Since their re-election, the Palaszczuk government has introduced a raft of new taxes and imposts that have undermined business confidence whilst the ranks of the public service has grown at an unsustainable rate.

“It is an affront to the business sector that has had to dramatically slash its cost base, contend with rampant electricity prices and rising rents whilst the state continues to swell in size.

Given the cost pressures facing both governments and business, CCIQ recommends a more prudent approach to the state’s finances:

(i)           Immediately arrest the growth of public sector jobs
(ii)          Address the significant gap in the growth between public and private sector wages by imposing a moratorium on Queensland public sector wage increases until the gap is at a more appropriate level.
(iii)         Establish an independent Budget Oversight Unit to make recommendations on government savings decisions, track progress towards achieving AAA credit rating, and cut red tape.

The latest quarter public services figures noted a decline in front line staff, while corporate employment increased. This reads as less jobs for nurses and teachers, and more jobs for corporate types, which contradicts the government’s line on this issue.

CCIQ reminds the government that corporate employment within public service must be assessed through the prism of budget responsibility.

The KPMG report also made the following key observations of note:

  • There are no clear roles and responsibilities to define what occurs at the centre of Government as opposed to agencies.
  • Agencies are often siloed in their operations and are only accountable for their own service lines.
  • There are examples of project specific cross agency collaboration but there is little systemic effort around major shared objectives.
  • There is no systemic mechanism for shared budget allocations to influence collaboration.
  • Very little policies or procedures exist to incentivise collaboration.

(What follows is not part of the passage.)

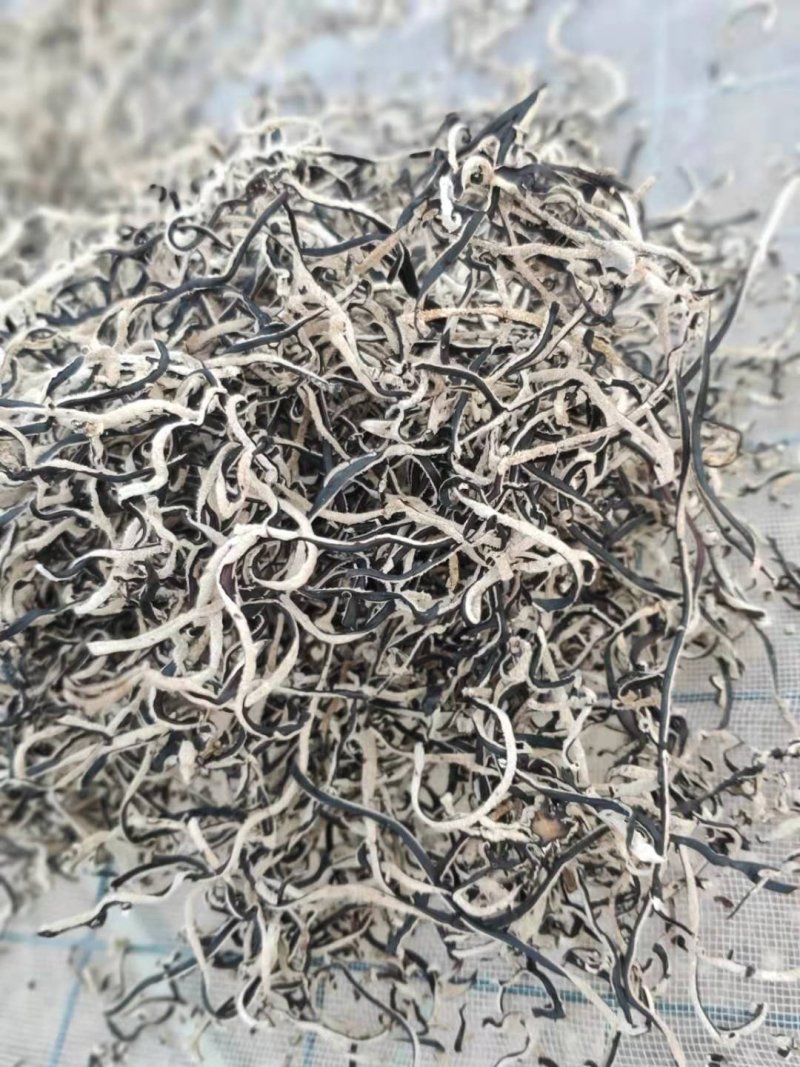 精品毛木耳丝工厂加工产地直销品种齐全量大价优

Some attempts have been made to drive collaboration, for example, at the Leadership Board Level.
  • The 2013 QAO Report asserts that there is a definite gap in leadership around performance management.
  • Performance management needs to be cascaded down through agencies to drive culture (from objectives, to Ministerial Charter Letters, to CEO performance agreements, SES performance agreements, business planning and individual performance agreements).
  • Data sharing and analysis of information across Government does not occur to the full extent possible.
  • Whole-of-Government performance reporting may be motivated by compliance rather than an opportunity to monitor for the purposes of performance management and continuous improvement.
  • There is no mechanism in place to drive systemic performance improvement around the Government’s objectives for the community.